Yes we're pulling them out of school. I've read a lot about the unschooling approach to this as I'm not cut out for homeschooling on the way. In a nutshell, unschooling is learning informally just by doing... Picking stuff up on the way by visiting museums and exploring historical sites, exposure to a foreign location, having the kids help plan itineraries and budgets based on researching and reporting back on a destination. Some math and chemistry might have to be done by registering for an online course (or by gulp me). But overall it's easily achievable. And many others have done it before us.

I'm hoping this trip turns into a multi year thing but who knows.


----------



## Plugging Along (Jan 3, 2011)

That is very interesting. I am actually familiar with I schooling and think it can be very cool. 
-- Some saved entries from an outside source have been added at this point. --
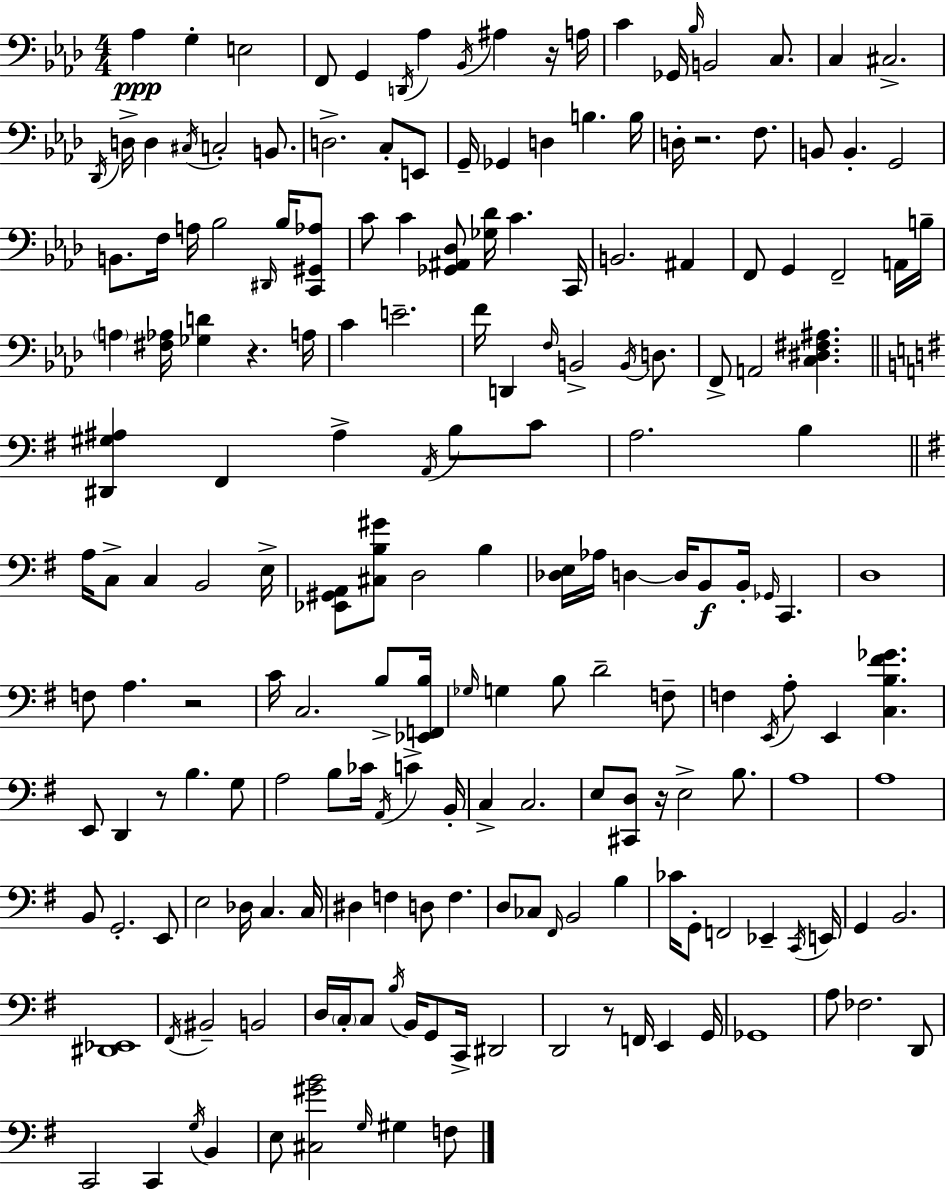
{
  \clef bass
  \numericTimeSignature
  \time 4/4
  \key f \minor
  \repeat volta 2 { aes4\ppp g4-. e2 | f,8 g,4 \acciaccatura { d,16 } aes4 \acciaccatura { bes,16 } ais4 | r16 a16 c'4 ges,16 \grace { bes16 } b,2 | c8. c4 cis2.-> | \break \acciaccatura { des,16 } d16-> d4 \acciaccatura { cis16 } c2-. | b,8. d2.-> | c8-. e,8 g,16-- ges,4 d4 b4. | b16 d16-. r2. | \break f8. b,8 b,4.-. g,2 | b,8. f16 a16 bes2 | \grace { dis,16 } bes16 <c, gis, aes>8 c'8 c'4 <ges, ais, des>8 <ges des'>16 c'4. | c,16 b,2. | \break ais,4 f,8 g,4 f,2-- | a,16 b16-- \parenthesize a4 <fis aes>16 <ges d'>4 r4. | a16 c'4 e'2.-- | f'16 d,4 \grace { f16 } b,2-> | \break \acciaccatura { b,16 } d8. f,8-> a,2 | <c dis fis ais>4. \bar "||" \break \key g \major <dis, gis ais>4 fis,4 ais4-> \acciaccatura { a,16 } b8 c'8 | a2. b4 | \bar "||" \break \key e \minor a16 c8-> c4 b,2 e16-> | <ees, gis, a,>8 <cis b gis'>8 d2 b4 | <des e>16 aes16 d4~~ d16 b,8\f b,16-. \grace { ges,16 } c,4. | d1 | \break f8 a4. r2 | c'16 c2. b8-> | <ees, f, b>16 \grace { ges16 } g4 b8 d'2-- | f8-- f4 \acciaccatura { e,16 } a8-. e,4 <c b fis' ges'>4. | \break e,8 d,4 r8 b4. | g8 a2 b8 ces'16 \acciaccatura { a,16 } c'4-> | b,16-. c4-> c2. | e8 <cis, d>8 r16 e2-> | \break b8. a1 | a1 | b,8 g,2.-. | e,8 e2 des16 c4. | \break c16 dis4 f4 d8 f4. | d8 ces8 \grace { fis,16 } b,2 | b4 ces'16 g,8-. f,2 | ees,4-- \acciaccatura { c,16 } e,16 g,4 b,2. | \break <dis, ees,>1 | \acciaccatura { fis,16 } bis,2-- b,2 | d16 \parenthesize c16-. c8 \acciaccatura { b16 } b,16 g,8 c,16-> | dis,2 d,2 | \break r8 f,16 e,4 g,16 ges,1 | a8 fes2. | d,8 c,2 | c,4 \acciaccatura { g16 } b,4 e8 <cis gis' b'>2 | \break \grace { g16 } gis4 f8 } \bar "|."
}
Are you planning on putting the kids back in to regular school after?


----------



## NotJustDreaming (Oct 20, 2013)

I'd for sure re-enroll them in school when we stay put. I'm pretty sure I don't have the patience and other stuff it takes for formal instruction.


----------



## Tycho (Sep 27, 2014)

Sorry for seemingly abandoning this thread I started; I replied several days ago, but for some reason it still hasn't posted, I hope this time it works.

Thanks for the replies everybody and encouragement, this is obliviously both exciting and scary at the same time. I have second thoughts daily! 
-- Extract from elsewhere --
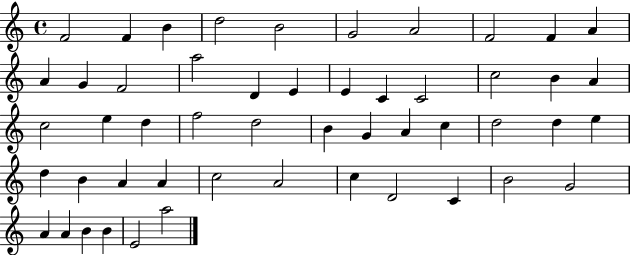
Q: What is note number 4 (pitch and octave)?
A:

I'll check with work about the deferred pay, but I don't think that is an option after searching our HR information. I don't think this is something that is exactly encouraged, and is unfortunately not guaranteed, so I may not even be allowed to do it if the situation is not ideal.

Stretching it across 2 years instead of beginning it in January is something that I considered, but the timing isn't quite as good for the activities I want to do, and places I want to see; still on the table though as nothing is set in stone. I'm a pretty loose traveler, the type that doesn't always decide what to do until I wake up! Part of the excitement and adventure for me I guess, who wants appointments and schedules when you're on vacation!

From what I'm hearing for you all I think I might use a bit of RRSP room for this, I understand I will be losing that as contribution room, but I have a ton of room at the moment. I'm guessing there is a way to optimize what I contribute; is there an online calculator for this sort of thing?


----------



## getliquid (Mar 2, 2014)

your work let you leave for 8 month is awesome! we can do leave with income averaging for up to 12 weeks, thinking of taking may/june/july and go to Asian and Australia with the kids as well.


----------



## Connie Merrow (Sep 9, 2014)

*Helped*

A big thank you for telling this. I really helped by your article. Thank you very much.


----------



## Tycho (Sep 27, 2014)

Sorry if it looks like I've ignored this thread, I've replied a couple times but it didn't post; saying waiting for moderation.


----------